# Task objective
Go through the records below and copy out every line that contains the word "perca".

# Task material

%%

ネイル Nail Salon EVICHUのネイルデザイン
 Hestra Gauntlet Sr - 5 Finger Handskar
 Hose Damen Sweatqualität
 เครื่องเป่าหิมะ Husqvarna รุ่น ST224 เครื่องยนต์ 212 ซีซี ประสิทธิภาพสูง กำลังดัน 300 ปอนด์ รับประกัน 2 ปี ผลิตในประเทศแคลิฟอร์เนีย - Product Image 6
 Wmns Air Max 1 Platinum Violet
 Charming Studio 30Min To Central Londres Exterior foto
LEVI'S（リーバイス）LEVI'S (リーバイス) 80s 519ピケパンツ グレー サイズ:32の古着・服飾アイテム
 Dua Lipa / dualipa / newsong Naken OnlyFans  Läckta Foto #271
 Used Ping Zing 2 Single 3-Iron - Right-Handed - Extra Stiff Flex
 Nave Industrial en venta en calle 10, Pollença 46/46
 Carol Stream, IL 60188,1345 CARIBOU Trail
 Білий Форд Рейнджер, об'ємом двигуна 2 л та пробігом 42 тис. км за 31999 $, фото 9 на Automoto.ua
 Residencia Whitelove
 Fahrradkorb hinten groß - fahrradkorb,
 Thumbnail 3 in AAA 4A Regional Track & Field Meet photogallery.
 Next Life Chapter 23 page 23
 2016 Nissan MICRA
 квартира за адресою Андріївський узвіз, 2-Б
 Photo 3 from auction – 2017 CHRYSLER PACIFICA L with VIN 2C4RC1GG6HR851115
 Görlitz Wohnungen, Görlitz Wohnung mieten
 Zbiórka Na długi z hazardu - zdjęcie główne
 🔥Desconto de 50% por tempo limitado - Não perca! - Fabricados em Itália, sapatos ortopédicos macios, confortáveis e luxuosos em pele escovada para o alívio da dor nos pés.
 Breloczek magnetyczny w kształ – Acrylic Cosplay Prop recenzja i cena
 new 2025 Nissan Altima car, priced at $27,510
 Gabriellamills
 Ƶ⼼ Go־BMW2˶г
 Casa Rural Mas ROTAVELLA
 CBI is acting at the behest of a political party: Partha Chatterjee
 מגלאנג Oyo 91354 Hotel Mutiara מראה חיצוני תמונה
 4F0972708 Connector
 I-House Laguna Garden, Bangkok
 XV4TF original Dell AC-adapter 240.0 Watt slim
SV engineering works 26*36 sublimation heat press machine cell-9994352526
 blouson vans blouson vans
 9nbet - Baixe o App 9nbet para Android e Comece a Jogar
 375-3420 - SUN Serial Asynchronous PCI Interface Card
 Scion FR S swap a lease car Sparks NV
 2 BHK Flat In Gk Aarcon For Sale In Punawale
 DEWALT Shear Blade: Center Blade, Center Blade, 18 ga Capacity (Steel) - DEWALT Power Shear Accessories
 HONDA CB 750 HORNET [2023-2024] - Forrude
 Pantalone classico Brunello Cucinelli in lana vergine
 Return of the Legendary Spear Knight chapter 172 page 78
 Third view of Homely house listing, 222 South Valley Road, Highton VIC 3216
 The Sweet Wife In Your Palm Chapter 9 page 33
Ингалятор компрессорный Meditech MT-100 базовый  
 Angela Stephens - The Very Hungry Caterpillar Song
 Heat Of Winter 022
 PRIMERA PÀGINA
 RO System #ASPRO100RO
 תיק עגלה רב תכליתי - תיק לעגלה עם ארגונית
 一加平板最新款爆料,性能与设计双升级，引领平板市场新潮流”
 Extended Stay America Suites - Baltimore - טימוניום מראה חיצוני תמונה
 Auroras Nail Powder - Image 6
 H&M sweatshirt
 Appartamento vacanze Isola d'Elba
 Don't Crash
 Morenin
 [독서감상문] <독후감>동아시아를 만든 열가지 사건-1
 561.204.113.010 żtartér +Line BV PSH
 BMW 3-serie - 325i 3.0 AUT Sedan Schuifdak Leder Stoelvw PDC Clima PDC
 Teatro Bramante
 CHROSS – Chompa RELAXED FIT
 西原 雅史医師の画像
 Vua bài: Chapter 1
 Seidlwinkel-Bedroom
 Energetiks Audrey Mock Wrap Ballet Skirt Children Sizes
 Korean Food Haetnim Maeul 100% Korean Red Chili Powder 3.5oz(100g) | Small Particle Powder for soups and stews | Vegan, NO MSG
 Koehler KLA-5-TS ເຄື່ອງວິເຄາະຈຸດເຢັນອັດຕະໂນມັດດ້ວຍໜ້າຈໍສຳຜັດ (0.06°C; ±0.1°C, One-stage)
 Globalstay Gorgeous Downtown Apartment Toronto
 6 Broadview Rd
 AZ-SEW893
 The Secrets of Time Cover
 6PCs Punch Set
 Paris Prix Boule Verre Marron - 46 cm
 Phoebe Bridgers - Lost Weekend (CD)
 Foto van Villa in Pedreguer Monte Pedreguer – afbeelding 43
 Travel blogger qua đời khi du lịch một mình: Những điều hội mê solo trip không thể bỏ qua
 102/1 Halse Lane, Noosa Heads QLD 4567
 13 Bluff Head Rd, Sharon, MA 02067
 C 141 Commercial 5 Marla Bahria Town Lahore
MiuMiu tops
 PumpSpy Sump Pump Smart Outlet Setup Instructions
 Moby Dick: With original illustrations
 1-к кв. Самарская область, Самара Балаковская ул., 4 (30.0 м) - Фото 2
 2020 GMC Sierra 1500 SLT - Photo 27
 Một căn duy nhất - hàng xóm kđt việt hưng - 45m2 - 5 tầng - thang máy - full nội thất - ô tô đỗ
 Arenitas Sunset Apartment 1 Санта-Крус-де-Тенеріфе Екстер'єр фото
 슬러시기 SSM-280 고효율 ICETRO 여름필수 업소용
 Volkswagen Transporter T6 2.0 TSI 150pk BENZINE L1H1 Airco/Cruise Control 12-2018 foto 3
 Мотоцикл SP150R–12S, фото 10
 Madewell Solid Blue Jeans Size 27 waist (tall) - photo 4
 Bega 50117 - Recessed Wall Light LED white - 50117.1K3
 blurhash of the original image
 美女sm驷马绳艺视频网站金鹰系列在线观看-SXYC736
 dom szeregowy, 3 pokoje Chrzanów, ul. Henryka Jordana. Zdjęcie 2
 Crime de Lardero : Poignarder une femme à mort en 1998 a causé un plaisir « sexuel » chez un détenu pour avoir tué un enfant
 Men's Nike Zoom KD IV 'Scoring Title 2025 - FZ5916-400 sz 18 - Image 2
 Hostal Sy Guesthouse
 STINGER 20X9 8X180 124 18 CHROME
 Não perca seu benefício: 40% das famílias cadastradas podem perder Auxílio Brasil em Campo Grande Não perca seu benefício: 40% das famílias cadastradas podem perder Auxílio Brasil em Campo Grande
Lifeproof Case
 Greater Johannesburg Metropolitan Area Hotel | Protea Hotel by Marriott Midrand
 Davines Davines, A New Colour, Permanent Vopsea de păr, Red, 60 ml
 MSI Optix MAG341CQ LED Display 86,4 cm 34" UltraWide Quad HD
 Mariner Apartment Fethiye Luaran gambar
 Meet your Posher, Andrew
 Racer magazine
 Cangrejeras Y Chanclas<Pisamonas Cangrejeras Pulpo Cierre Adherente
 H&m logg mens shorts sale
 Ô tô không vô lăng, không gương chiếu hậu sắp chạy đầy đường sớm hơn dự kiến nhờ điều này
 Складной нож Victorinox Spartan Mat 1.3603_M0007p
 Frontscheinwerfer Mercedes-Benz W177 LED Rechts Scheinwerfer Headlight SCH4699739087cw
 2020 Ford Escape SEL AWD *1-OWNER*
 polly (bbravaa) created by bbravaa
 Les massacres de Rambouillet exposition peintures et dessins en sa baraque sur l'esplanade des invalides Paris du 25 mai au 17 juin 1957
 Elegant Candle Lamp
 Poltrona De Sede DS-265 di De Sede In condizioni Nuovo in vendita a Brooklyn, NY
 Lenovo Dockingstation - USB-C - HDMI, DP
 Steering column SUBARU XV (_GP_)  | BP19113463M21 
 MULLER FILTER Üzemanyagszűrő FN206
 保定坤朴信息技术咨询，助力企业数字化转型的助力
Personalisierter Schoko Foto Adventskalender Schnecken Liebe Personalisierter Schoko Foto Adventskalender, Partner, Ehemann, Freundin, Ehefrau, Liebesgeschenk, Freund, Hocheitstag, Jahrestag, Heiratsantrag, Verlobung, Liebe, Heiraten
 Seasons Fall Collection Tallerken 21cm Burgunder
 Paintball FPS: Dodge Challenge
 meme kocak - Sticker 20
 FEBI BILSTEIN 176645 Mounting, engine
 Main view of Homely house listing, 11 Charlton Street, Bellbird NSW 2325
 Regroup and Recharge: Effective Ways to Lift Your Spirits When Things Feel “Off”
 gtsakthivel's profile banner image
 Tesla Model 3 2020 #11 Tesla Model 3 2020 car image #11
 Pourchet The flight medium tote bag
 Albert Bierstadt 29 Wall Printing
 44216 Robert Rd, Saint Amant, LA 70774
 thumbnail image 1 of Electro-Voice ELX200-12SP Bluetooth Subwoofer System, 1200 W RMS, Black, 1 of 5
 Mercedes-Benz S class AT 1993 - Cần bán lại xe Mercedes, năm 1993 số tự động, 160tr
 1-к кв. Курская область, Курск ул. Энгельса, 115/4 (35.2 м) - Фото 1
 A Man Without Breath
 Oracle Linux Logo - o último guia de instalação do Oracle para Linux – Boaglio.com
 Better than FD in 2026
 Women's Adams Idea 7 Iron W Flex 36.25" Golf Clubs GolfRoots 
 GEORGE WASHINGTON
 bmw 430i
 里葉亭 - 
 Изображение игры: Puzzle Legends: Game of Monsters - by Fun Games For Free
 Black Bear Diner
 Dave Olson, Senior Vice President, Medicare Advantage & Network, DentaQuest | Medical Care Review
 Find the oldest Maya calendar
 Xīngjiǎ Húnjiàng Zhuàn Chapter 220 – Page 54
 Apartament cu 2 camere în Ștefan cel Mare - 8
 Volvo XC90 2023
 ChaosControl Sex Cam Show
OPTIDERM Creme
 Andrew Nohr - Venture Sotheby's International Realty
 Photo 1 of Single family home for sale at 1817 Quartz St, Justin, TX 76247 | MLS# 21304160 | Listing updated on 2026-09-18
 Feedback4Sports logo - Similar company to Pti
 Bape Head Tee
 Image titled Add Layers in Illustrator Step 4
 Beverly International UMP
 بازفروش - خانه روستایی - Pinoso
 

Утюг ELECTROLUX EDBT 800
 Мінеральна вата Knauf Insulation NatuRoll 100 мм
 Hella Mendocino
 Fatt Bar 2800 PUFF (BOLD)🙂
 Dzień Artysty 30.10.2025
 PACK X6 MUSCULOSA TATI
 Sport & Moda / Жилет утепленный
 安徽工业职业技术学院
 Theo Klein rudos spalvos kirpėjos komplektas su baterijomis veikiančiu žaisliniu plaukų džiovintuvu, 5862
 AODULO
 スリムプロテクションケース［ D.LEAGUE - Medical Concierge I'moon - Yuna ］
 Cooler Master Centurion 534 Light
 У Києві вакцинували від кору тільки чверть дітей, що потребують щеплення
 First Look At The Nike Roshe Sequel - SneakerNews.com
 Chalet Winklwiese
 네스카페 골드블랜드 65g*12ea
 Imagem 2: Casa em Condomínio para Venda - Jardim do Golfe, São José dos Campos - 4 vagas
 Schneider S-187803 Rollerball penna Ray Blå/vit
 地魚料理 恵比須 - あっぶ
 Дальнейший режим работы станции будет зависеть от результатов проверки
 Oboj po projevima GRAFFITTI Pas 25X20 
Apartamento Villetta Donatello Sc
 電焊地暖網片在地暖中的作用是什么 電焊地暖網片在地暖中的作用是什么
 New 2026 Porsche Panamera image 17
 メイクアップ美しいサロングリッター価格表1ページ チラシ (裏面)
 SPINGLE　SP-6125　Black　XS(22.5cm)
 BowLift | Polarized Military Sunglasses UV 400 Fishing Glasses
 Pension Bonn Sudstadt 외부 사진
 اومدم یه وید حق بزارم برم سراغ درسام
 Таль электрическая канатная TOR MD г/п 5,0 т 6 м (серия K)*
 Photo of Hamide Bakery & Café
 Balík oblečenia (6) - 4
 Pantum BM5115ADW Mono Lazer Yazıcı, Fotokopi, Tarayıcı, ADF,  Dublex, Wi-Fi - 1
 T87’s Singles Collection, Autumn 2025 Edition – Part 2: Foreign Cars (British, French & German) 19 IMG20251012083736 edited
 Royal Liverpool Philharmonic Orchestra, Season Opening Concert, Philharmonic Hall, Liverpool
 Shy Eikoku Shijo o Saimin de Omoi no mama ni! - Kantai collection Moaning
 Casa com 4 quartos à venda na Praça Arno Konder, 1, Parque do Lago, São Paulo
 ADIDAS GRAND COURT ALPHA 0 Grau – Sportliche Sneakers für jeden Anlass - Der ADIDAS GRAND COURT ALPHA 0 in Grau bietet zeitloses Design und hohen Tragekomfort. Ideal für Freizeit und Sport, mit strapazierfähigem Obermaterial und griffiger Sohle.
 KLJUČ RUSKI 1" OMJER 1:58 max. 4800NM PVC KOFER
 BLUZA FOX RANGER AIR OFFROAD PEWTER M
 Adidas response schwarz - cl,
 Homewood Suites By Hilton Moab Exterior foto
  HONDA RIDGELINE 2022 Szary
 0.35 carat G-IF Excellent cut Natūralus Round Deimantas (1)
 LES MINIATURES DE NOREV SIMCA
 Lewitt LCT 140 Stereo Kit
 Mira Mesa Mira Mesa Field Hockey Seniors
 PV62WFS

%%

# Task answer
 🔥Desconto de 50% por tempo limitado - Não perca! - Fabricados em Itália, sapatos ortopédicos macios, confortáveis e luxuosos em pele escovada para o alívio da dor nos pés.
 Não perca seu benefício: 40% das famílias cadastradas podem perder Auxílio Brasil em Campo Grande Não perca seu benefício: 40% das famílias cadastradas podem perder Auxílio Brasil em Campo Grande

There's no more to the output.